As a trained mathematician, I like to pull back and ask what are the fundamental limitations I face.

A common misconception in our Google-era is that database performance is a technical matter easily fixed by throwing enough hardware at the problem. We apparently face no fundamental limitation. To a large extend, this statement is correct. Thanks to the B-tree and related data structures, we can search for most things very quickly. Roughly, the database problems are solved, as long as you consider only a specific type of queries: queries targeting only a small subset of your data.

What if you want to consider more general queries? Can you hope to find a magical database index that solves all your problems?

I spent part of my morning looking for a No Free Lunch (NFL) theorem for database indexes.

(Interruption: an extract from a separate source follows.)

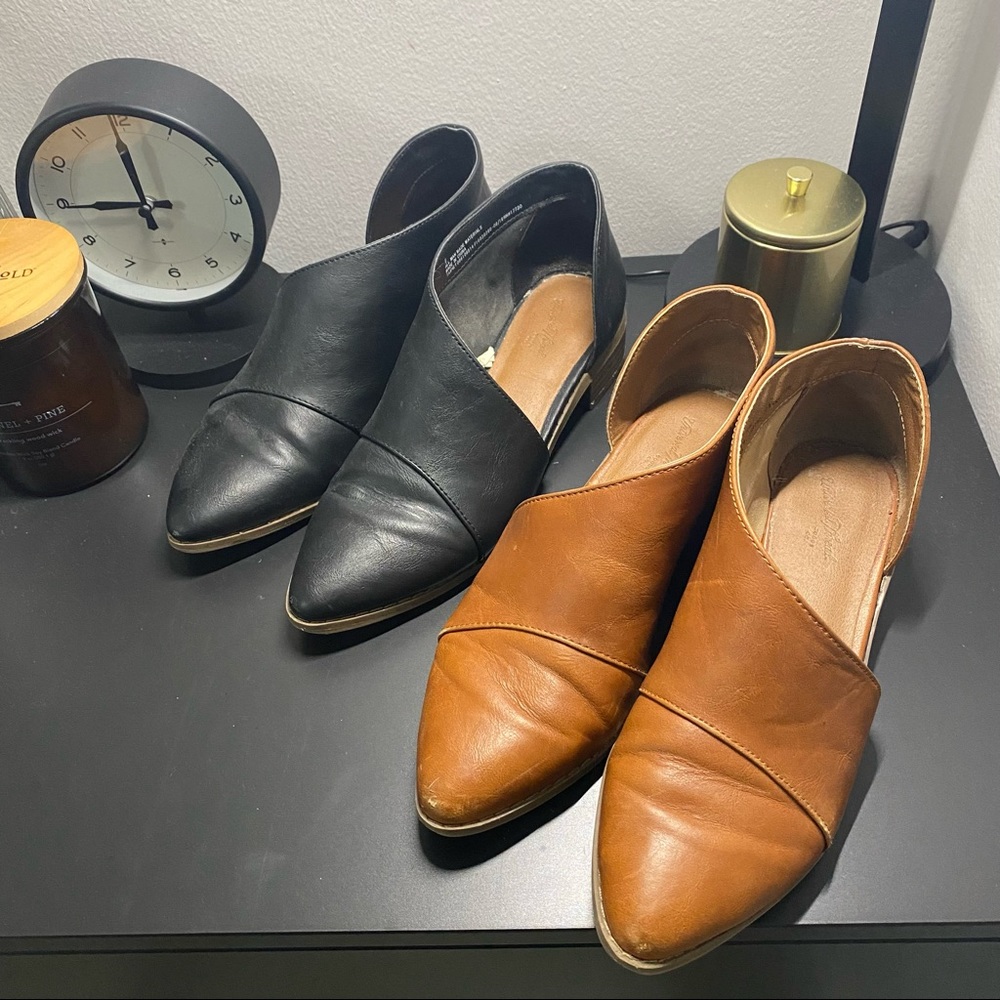 Target Closed Toe Sandal Flats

I would like to propose one:

Any two database indexes are equivalent when their performance is average across all possible content and queries. (Naturally, it is ill-posed.)

I draw your attention to how limited your interaction with tools that produce aggregates, such as Google Analytics, are. Basically, you navigate through precomputed data. You may not realize it, but the tool does not let you craft your own queries. Jim Gray taught us to push these techniques further with structures such as the data cube (which wikipedia insists on calling an OLAP cube). However, precomputation is just a particular form of indexing. It helps tremendously when the queries take a particular form, but when you average over all possible queries, it is unhelpful.

What if you want to consider general queries, and still get fast results? Then you have to assume something about your data. I suggest you assume that your data is highly compressible. Run-length encoding has been shown to help database queries tremendously.

Short of these two types of assumptions (specific queries or specific data sets), the only way you can improve the current indexes is by constant factors—you can double the performance of existing B-tree indexes, maybe. Or else, you can throw in more CPUs, more disks, and more memory.

For now, I will stick with my puny computers, and I will assume that the data is highly compressible. It seems to work well in real life.